(Items listed in a dataset)
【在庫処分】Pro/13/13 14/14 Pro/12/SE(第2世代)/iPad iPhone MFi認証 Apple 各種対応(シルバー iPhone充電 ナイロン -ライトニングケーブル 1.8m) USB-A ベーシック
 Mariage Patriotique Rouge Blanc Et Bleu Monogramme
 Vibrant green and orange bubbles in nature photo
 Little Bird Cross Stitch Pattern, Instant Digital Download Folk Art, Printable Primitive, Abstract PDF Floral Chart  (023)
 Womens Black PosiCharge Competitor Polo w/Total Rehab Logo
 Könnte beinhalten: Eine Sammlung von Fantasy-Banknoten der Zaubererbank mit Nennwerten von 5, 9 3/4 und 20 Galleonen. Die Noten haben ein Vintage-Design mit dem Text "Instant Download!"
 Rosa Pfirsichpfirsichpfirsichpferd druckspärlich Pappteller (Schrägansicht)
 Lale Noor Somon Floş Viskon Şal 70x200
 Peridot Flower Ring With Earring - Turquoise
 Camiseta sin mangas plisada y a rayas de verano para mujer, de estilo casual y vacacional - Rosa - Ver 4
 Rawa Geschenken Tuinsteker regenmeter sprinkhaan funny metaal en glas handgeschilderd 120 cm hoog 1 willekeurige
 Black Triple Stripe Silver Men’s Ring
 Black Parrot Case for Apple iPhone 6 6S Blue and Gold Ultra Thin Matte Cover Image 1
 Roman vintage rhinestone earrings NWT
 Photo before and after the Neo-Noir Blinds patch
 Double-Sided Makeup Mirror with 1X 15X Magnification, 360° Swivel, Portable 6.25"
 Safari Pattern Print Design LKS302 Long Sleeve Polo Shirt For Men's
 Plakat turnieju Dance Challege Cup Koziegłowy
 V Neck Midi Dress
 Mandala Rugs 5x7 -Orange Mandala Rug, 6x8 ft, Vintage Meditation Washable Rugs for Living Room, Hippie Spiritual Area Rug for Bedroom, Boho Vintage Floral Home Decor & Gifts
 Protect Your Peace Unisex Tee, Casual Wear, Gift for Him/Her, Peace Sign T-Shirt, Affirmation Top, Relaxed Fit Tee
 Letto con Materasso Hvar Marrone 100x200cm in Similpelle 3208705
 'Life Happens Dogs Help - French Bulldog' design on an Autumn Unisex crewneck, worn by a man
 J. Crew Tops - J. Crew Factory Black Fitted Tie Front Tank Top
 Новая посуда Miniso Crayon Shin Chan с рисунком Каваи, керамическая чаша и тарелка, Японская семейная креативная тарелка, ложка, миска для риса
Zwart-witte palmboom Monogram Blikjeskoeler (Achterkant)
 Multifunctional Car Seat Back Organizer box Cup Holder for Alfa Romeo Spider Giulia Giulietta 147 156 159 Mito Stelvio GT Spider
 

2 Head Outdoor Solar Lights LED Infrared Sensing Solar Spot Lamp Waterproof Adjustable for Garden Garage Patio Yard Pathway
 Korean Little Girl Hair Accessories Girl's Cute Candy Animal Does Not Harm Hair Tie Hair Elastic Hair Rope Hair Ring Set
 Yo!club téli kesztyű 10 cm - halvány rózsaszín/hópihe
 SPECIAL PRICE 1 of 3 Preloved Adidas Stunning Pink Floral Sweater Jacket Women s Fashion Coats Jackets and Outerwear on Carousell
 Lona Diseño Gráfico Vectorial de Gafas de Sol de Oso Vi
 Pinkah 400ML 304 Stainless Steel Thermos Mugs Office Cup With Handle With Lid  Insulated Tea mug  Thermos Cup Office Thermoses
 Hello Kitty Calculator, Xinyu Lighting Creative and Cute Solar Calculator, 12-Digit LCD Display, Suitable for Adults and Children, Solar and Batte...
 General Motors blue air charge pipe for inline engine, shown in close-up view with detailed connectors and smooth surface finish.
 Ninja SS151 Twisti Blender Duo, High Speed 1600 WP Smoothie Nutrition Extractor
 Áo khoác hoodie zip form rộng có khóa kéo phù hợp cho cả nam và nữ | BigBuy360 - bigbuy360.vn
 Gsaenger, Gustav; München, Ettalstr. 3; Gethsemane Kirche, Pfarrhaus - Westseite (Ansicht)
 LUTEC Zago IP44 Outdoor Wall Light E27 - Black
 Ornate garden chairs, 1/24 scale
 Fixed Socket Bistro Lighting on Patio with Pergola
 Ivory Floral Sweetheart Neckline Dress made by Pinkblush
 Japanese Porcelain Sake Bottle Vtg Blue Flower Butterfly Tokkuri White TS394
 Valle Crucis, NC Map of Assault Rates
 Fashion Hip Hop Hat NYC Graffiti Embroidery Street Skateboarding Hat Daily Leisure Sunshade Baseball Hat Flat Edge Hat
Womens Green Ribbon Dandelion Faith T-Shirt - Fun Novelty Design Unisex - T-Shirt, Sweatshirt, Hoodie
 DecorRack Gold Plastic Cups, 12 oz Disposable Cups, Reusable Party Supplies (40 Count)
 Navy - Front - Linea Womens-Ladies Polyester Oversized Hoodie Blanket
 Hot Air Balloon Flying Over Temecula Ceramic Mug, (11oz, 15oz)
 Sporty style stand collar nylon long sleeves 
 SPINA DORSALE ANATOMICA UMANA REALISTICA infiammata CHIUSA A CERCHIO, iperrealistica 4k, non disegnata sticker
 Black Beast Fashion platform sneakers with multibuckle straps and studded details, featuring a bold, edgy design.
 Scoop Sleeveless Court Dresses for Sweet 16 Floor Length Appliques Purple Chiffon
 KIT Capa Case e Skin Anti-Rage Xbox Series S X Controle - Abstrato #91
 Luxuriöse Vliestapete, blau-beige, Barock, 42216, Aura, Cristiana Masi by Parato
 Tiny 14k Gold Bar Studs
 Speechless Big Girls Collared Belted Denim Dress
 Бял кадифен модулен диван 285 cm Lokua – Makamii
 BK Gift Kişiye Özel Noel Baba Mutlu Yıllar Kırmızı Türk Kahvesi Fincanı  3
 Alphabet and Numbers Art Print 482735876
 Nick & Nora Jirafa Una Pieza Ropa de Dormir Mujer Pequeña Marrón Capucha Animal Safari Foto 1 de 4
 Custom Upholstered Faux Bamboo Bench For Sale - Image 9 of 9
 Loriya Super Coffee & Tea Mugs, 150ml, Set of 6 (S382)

→ **Task to carry out**
All the records are to be transcribed exactly, with no line missing.

→ **Answer**
【在庫処分】Pro/13/13 14/14 Pro/12/SE(第2世代)/iPad iPhone MFi認証 Apple 各種対応(シルバー iPhone充電 ナイロン -ライトニングケーブル 1.8m) USB-A ベーシック
 Mariage Patriotique Rouge Blanc Et Bleu Monogramme
 Vibrant green and orange bubbles in nature photo
 Little Bird Cross Stitch Pattern, Instant Digital Download Folk Art, Printable Primitive, Abstract PDF Floral Chart  (023)
 Womens Black PosiCharge Competitor Polo w/Total Rehab Logo
 Könnte beinhalten: Eine Sammlung von Fantasy-Banknoten der Zaubererbank mit Nennwerten von 5, 9 3/4 und 20 Galleonen. Die Noten haben ein Vintage-Design mit dem Text "Instant Download!"
 Rosa Pfirsichpfirsichpfirsichpferd druckspärlich Pappteller (Schrägansicht)
 Lale Noor Somon Floş Viskon Şal 70x200
 Peridot Flower Ring With Earring - Turquoise
 Camiseta sin mangas plisada y a rayas de verano para mujer, de estilo casual y vacacional - Rosa - Ver 4
 Rawa Geschenken Tuinsteker regenmeter sprinkhaan funny metaal en glas handgeschilderd 120 cm hoog 1 willekeurige
 Black Triple Stripe Silver Men’s Ring
 Black Parrot Case for Apple iPhone 6 6S Blue and Gold Ultra Thin Matte Cover Image 1
 Roman vintage rhinestone earrings NWT
 Photo before and after the Neo-Noir Blinds patch
 Double-Sided Makeup Mirror with 1X 15X Magnification, 360° Swivel, Portable 6.25"
 Safari Pattern Print Design LKS302 Long Sleeve Polo Shirt For Men's
 Plakat turnieju Dance Challege Cup Koziegłowy
 V Neck Midi Dress
 Mandala Rugs 5x7 -Orange Mandala Rug, 6x8 ft, Vintage Meditation Washable Rugs for Living Room, Hippie Spiritual Area Rug for Bedroom, Boho Vintage Floral Home Decor & Gifts
 Protect Your Peace Unisex Tee, Casual Wear, Gift for Him/Her, Peace Sign T-Shirt, Affirmation Top, Relaxed Fit Tee
 Letto con Materasso Hvar Marrone 100x200cm in Similpelle 3208705
 'Life Happens Dogs Help - French Bulldog' design on an Autumn Unisex crewneck, worn by a man
 J. Crew Tops - J. Crew Factory Black Fitted Tie Front Tank Top
 Новая посуда Miniso Crayon Shin Chan с рисунком Каваи, керамическая чаша и тарелка, Японская семейная креативная тарелка, ложка, миска для риса
Zwart-witte palmboom Monogram Blikjeskoeler (Achterkant)
 Multifunctional Car Seat Back Organizer box Cup Holder for Alfa Romeo Spider Giulia Giulietta 147 156 159 Mito Stelvio GT Spider
 

2 Head Outdoor Solar Lights LED Infrared Sensing Solar Spot Lamp Waterproof Adjustable for Garden Garage Patio Yard Pathway
 Korean Little Girl Hair Accessories Girl's Cute Candy Animal Does Not Harm Hair Tie Hair Elastic Hair Rope Hair Ring Set
 Yo!club téli kesztyű 10 cm - halvány rózsaszín/hópihe
 SPECIAL PRICE 1 of 3 Preloved Adidas Stunning Pink Floral Sweater Jacket Women s Fashion Coats Jackets and Outerwear on Carousell
 Lona Diseño Gráfico Vectorial de Gafas de Sol de Oso Vi
 Pinkah 400ML 304 Stainless Steel Thermos Mugs Office Cup With Handle With Lid  Insulated Tea mug  Thermos Cup Office Thermoses
 Hello Kitty Calculator, Xinyu Lighting Creative and Cute Solar Calculator, 12-Digit LCD Display, Suitable for Adults and Children, Solar and Batte...
 General Motors blue air charge pipe for inline engine, shown in close-up view with detailed connectors and smooth surface finish.
 Ninja SS151 Twisti Blender Duo, High Speed 1600 WP Smoothie Nutrition Extractor
 Áo khoác hoodie zip form rộng có khóa kéo phù hợp cho cả nam và nữ | BigBuy360 - bigbuy360.vn
 Gsaenger, Gustav; München, Ettalstr. 3; Gethsemane Kirche, Pfarrhaus - Westseite (Ansicht)
 LUTEC Zago IP44 Outdoor Wall Light E27 - Black
 Ornate garden chairs, 1/24 scale
 Fixed Socket Bistro Lighting on Patio with Pergola
 Ivory Floral Sweetheart Neckline Dress made by Pinkblush
 Japanese Porcelain Sake Bottle Vtg Blue Flower Butterfly Tokkuri White TS394
 Valle Crucis, NC Map of Assault Rates
 Fashion Hip Hop Hat NYC Graffiti Embroidery Street Skateboarding Hat Daily Leisure Sunshade Baseball Hat Flat Edge Hat
Womens Green Ribbon Dandelion Faith T-Shirt - Fun Novelty Design Unisex - T-Shirt, Sweatshirt, Hoodie
 DecorRack Gold Plastic Cups, 12 oz Disposable Cups, Reusable Party Supplies (40 Count)
 Navy - Front - Linea Womens-Ladies Polyester Oversized Hoodie Blanket
 Hot Air Balloon Flying Over Temecula Ceramic Mug, (11oz, 15oz)
 Sporty style stand collar nylon long sleeves 
 SPINA DORSALE ANATOMICA UMANA REALISTICA infiammata CHIUSA A CERCHIO, iperrealistica 4k, non disegnata sticker
 Black Beast Fashion platform sneakers with multibuckle straps and studded details, featuring a bold, edgy design.
 Scoop Sleeveless Court Dresses for Sweet 16 Floor Length Appliques Purple Chiffon
 KIT Capa Case e Skin Anti-Rage Xbox Series S X Controle - Abstrato #91
 Luxuriöse Vliestapete, blau-beige, Barock, 42216, Aura, Cristiana Masi by Parato
 Tiny 14k Gold Bar Studs
 Speechless Big Girls Collared Belted Denim Dress
 Бял кадифен модулен диван 285 cm Lokua – Makamii
 BK Gift Kişiye Özel Noel Baba Mutlu Yıllar Kırmızı Türk Kahvesi Fincanı  3
 Alphabet and Numbers Art Print 482735876
 Nick & Nora Jirafa Una Pieza Ropa de Dormir Mujer Pequeña Marrón Capucha Animal Safari Foto 1 de 4
 Custom Upholstered Faux Bamboo Bench For Sale - Image 9 of 9
 Loriya Super Coffee & Tea Mugs, 150ml, Set of 6 (S382)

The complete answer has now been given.